Alternatively, you can use the Items or ItemsCollection. The first one will only contain data if you have set PermitMultipleEntriesPerKey to false. If this is set to true, you allow the lookup to have more than one match for a key. Then, you will find all the data that matches the key in the ItemsCollection dictionary. Both are dictionaries, and accessing data in them will be much faster than using the List property (which is only a wrapper for the values of the current applicable dictionary).

This only applies if you are using the ApplyRetrievedCacheToInput or ApplyRetrievedCacheForMultipleOutputs and accessing the CachedData object within this function. When you use the LookupTransformation via the Match/Retrieve attributes only, you don’t have to worry about performance. Internally, the lookup cache will be accessed via the dictionary keys, and everything should run fast.

Defining your own keys for matching

The lookup expects that the incoming and the lookup object have a unique key that is used for matching. You can define your own custom logic for how the key is retrieved from both.

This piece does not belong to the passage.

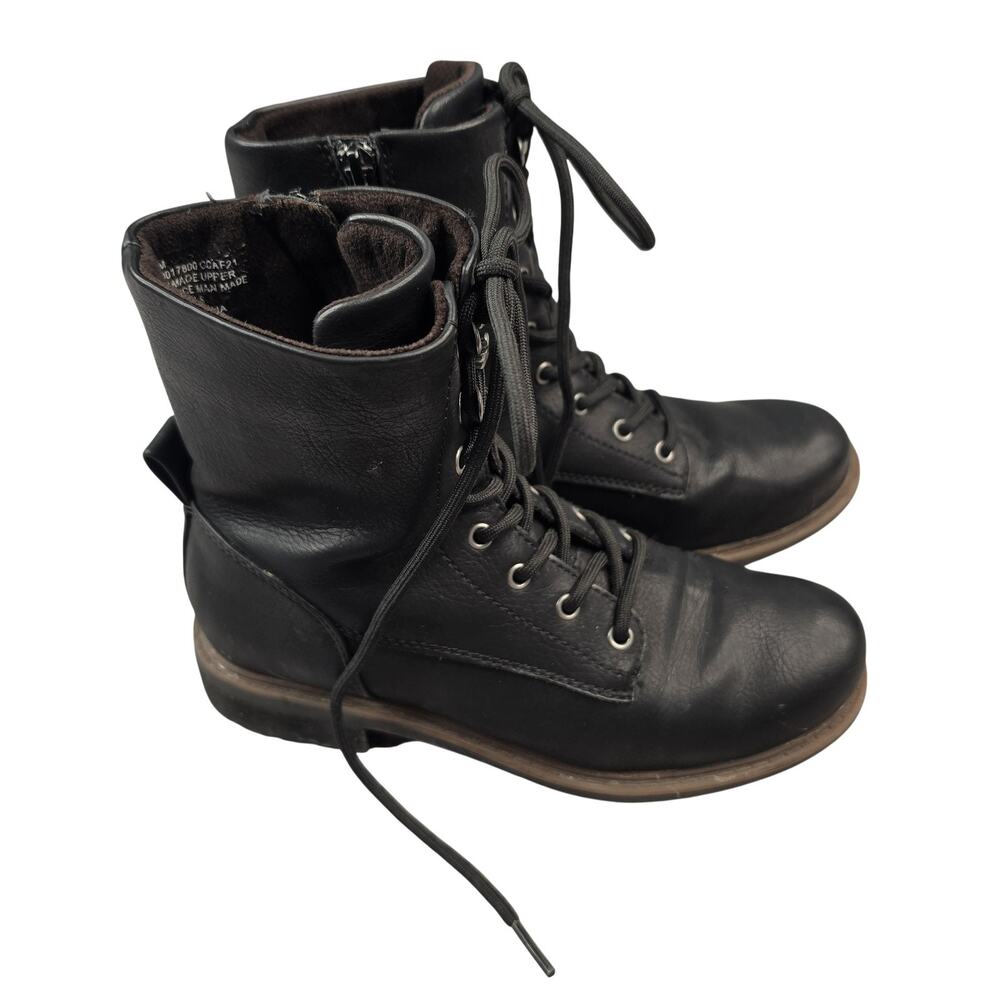 B.O.C. Boots Womens 7 38 Black Faux Leather Combat Lace Zip Lug Sole Goth Grunge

var orderSource = new MemorySource<Order>();
orderSource.DataAsList.Add(new Order() { OrderNumber = 815, CustomerName = "John" });
orderSource.DataAsList.Add(new Order

() { OrderNumber = 4711, CustomerName = "Jim" });

var lookupSource = new DbSource<Customer>(SqlConnection, "CustomerTable");

var lookup = new LookupTransformation<Order, Customer>();
lookup.Source = lookupSource;
lookup.InputKeySelector = inputrow => inputrow.CustomerName;
lookup.SourceKeySelector = sourcerow => sourcerow.Name;
lookup.ApplyRetrievedCacheToInput = (inputrow, cache) => {
    if (cache.Items.ContainsKey(inputrow.CustomerName))
        inputrow.CustomerId = cache.Items[inputrow.CustomerName].Id;
    return inputrow;
};

var dest = new MemoryDestination<Order>();

orderSource.LinkTo(lookup).LinkTo(dest);
Network.Execute(orderSource);

foreach (var row in dest.Data)
    Console.WriteLine($"Order:{row.OrderNumber} Name:{row.CustomerName} Id:{row.CustomerId}");
//Output
//Order:815 Name:John Id:1
//Order:4711 Name:Jim Id:2

Dynamic Object Support

The LookupTransformation can handle dynamic objects, allowing flexible data structures. This is particularly useful for handling data with varying schemas or for on-the-fly manipulation:

var dynamicLookupSource = new MemorySource<dynamic>();
dynamicLookupSource.DataAsList = new List<dynamic> {
    new { Key = 1, Value = "DynamicValue1" },
    new { Key = 2, Value = "DynamicValue2" }
};

var dynamicLookup = new LookupTransformation<dynamic, dynamic>();
dynamicLookup.Source = dynamicLookupSource;
dynamicLookup.ApplyRetrievedCacheToInput = (input, cache) => {
    input.DynamicValue = cache.List.FirstOrDefault(l => l.Key == input.Key)?.Value;
    return input;
};

Error Handling

Handling errors during the lookup process is crucial for maintaining data integrity and ensuring the ETL process completes successfully. The LookupTransformation allows you to define custom error handling logic:

lookup.OnException = (ex, row) => {
    Console.WriteLine($"Error processing row {row.Id}: {ex.Message}");
};

This error handler will be called whenever an exception occurs, allowing you to log the error, skip the problematic row, or take other appropriate actions.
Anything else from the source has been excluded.